Despite all that, there are ways to get at the behavior of black holes. A recent line of work is approaching the problem in a different way—by analogy. Rather than trying to observe real black holes or trying to simulate them mathematically, researchers are constructing analogs of black holes. These constructions can be observed in a lab, right here on Earth.
Of course, scientists have no way of creating an actual gravitational singularity on a table-top, so they had to rely on the next best thing. The essence of a black hole is that it has an event horizon—a point of no return from which no light can escape. By analogy, in a fluid, there can be a point of no return for sound waves. If, for example, the fluid is moving faster than the speed of sound, no sound can outrun the fluid to escape in the opposite direction. That’s the basic idea behind a new experiment published in the journal Nature Physics (abstract) —an experiment that apparently makes a Hawking radiation laser out of a sonic black hole.
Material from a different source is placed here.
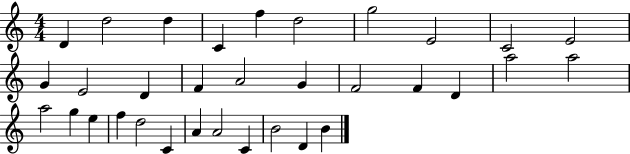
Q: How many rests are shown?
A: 0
[Additional Coverage]: http://www.universetoday.com/115307/hawking-radiation-replicated-in-a-laboratory/
(Score: 1) by boristhespider on Wednesday October 29 2014, @10:12PM
Certainly if you want to do it with a fluid system, you inevitably get the white hole if you want the black hole -- even on a classical level that's clear, since there's no physical way we can get something that moves faster and faster than the speed of sound and never slows back down again. (Failing anything else, we get a hard boundary at the edge of the fluid where the speed of sound is identically zero, so it *has* to pass back through the speed of sound, even if in a thin layer.) The dispersion relationship is more a factor of the actual type of fluid you're considering -- for superfluid Helium, for instance, it breaks down at the roton dip no matter what games you might play with the background setup -- but it's certainly true you need to ensure that if your dispersion relationship is only valid in a certain range of wavelengths that you can actually *contain* those wavelengths...
The details of Steinhauer's setup I'm afraid I can't comment on. I did my Masters on acoustic holes, but I've been twelve years out of this field so while I'm not strictly a layman in the area, especially since I've been in gravitational physics much of the rest of the time, I'm also not quite an expert.